Location
- Kronenwetter, Wisconsin United States 44°50′40.8″N 89°37′52.2″W﻿ / ﻿44.844667°N 89.631167°W

Information
- Type: Private secondary school
- Religious affiliation: Lutheranism
- Denomination: Wisconsin Evangelical Lutheran Synod
- Established: 1979; 47 years ago
- Principal: Ryan Wiechmann
- Grades: 9–12
- Enrollment: 60-140
- Colors: White and navy
- Mascot: Wildcats
- Website: www.nlhs.org

= Northland Lutheran High School =

Northland Lutheran High School is a Lutheran secondary school located in Kronenwetter, Wisconsin, in the United States. The school is affiliated with the Wisconsin Evangelical Lutheran Synod.

==History==
In March 1979 Northland Lutheran High School formed an association and called John Schultz as the first Administrator. With two teachers, freshman and sophomore classes were established that September. The first school, located in Merrill, Wisconsin, consisted of portable classrooms.
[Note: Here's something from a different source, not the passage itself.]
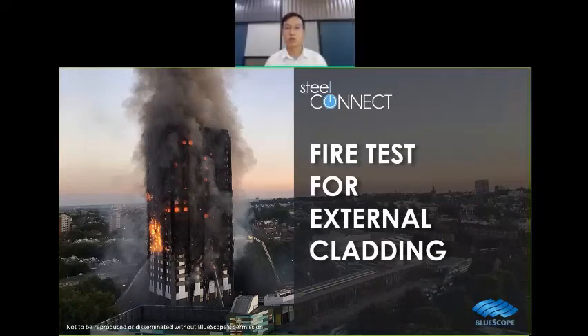Good afternoon and welcome back to another round of SteelConnect webinar. I'm Rocky and will be your host today to talk about fire tests for external cladding systems. What do you need to know about fire tests for external cladding?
Crisis came in the form of instability and the uncertainty of a firm direction. To gain strength from a stronger church base, Northland relocated to a temporary facility in Wausau in 1987. A building owned by St. Mary Catholic Church of Wausau was its home for many years to come.
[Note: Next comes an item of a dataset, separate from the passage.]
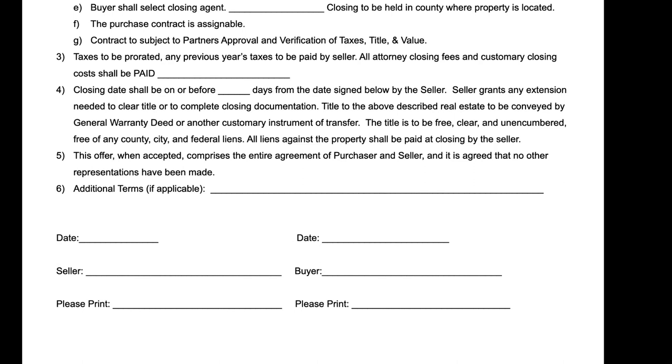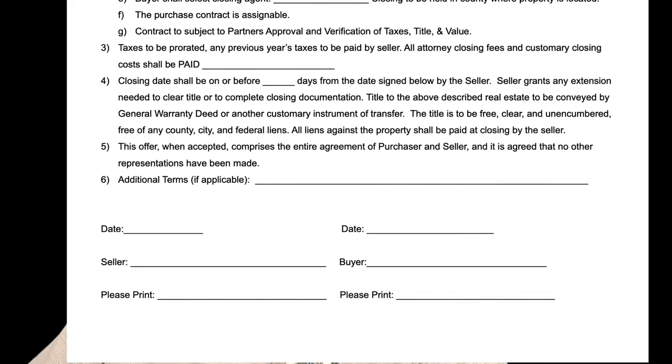Taxes to be prorated; prior years' taxes paid by seller. All attorney closing fees and customary closing costs shall be paid — by the seller, buyer, or each party respectively. Closing date shall be on or before a specified date, with the seller granting extensions to clear title if needed. Title will be conveyed by general warranty deed, free and clear of any liens. This offer when accepted comprises the entire agreement. You can find this contract at discountpropertyinvestor.com as a free download in PDF or Word doc format.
On August 22, 1999 Northland dedicated its first permanent facility in Kronenwetter, Wisconsin.

==Student demographics==
Enrollment has ranged from 60 to 140 students. Students travel from Neillsville, Marshfield, Wisconsin Rapids, Stevens Point, Plover, Birnamwood, Tomahawk, Eagle River, Rhinelander, Merrill, Medford, Athens, Marathon, and Wausau areas.
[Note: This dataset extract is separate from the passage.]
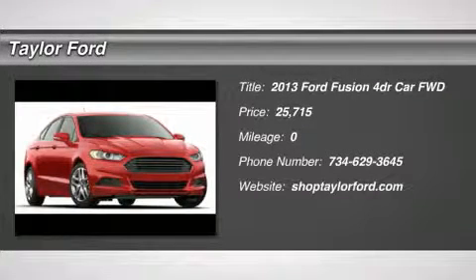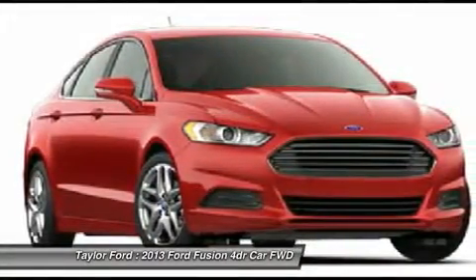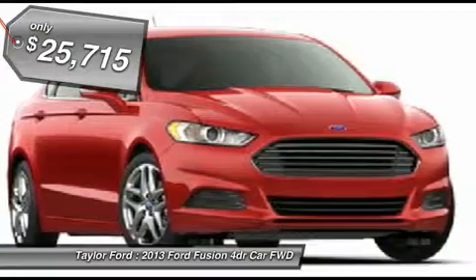The 2013 Ford Fusion. You can have both impressive power and great economy in a Fusion, and it's priced below $30,000.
Being a Wisconsin Evangelical Lutheran Synod school, the ethnicity of the students is predominantly white of German descent (83%). The school has a large minority of Asian students(12%), mostly Hmong-Americans and Koreans. Multi-racial Americans make up 2%, American Indians 2%, and Hispanics of any race 1% of the student body.

==Sports==
- Baseball
- Boys' Summer League Basketball
- Girls' Summer League Basketball
- Boys' basketball
- Girls' basketball
- Soccer
- Volleyball
- Softball
- Track and field
- Football

=== Athletic conference affiliation history ===

- Marawood Conference (2005-2017)
- Central Wisconsin Conference (2017–present)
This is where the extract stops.